Task to carry out: All lines of the listing below are to be printed again exactly.

■ ■ ■ ■

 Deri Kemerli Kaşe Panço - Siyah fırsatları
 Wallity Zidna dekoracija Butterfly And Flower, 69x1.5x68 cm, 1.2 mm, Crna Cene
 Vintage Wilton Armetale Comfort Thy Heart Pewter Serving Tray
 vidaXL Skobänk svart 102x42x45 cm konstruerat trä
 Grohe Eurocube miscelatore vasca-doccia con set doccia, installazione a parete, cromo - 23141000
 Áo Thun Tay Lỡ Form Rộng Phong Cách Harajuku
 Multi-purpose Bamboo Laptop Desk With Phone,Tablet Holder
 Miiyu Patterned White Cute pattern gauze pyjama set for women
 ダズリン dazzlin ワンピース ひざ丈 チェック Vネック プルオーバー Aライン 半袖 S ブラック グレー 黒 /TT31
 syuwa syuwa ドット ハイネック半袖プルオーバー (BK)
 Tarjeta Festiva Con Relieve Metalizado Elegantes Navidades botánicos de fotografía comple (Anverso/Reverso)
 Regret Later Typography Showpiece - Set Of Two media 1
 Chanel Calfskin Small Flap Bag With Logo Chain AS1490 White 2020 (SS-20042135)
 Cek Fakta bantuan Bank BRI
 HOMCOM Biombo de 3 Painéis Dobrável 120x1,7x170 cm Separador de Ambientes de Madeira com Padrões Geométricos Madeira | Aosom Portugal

■ ■ ■ ■

Response box:
 Deri Kemerli Kaşe Panço - Siyah fırsatları
 Wallity Zidna dekoracija Butterfly And Flower, 69x1.5x68 cm, 1.2 mm, Crna Cene
 Vintage Wilton Armetale Comfort Thy Heart Pewter Serving Tray
 vidaXL Skobänk svart 102x42x45 cm konstruerat trä
 Grohe Eurocube miscelatore vasca-doccia con set doccia, installazione a parete, cromo - 23141000
 Áo Thun Tay Lỡ Form Rộng Phong Cách Harajuku
 Multi-purpose Bamboo Laptop Desk With Phone,Tablet Holder
 Miiyu Patterned White Cute pattern gauze pyjama set for women
 ダズリン dazzlin ワンピース ひざ丈 チェック Vネック プルオーバー Aライン 半袖 S ブラック グレー 黒 /TT31
 syuwa syuwa ドット ハイネック半袖プルオーバー (BK)
 Tarjeta Festiva Con Relieve Metalizado Elegantes Navidades botánicos de fotografía comple (Anverso/Reverso)
 Regret Later Typography Showpiece - Set Of Two media 1
 Chanel Calfskin Small Flap Bag With Logo Chain AS1490 White 2020 (SS-20042135)
 Cek Fakta bantuan Bank BRI
 HOMCOM Biombo de 3 Painéis Dobrável 120x1,7x170 cm Separador de Ambientes de Madeira com Padrões Geométricos Madeira | Aosom Portugal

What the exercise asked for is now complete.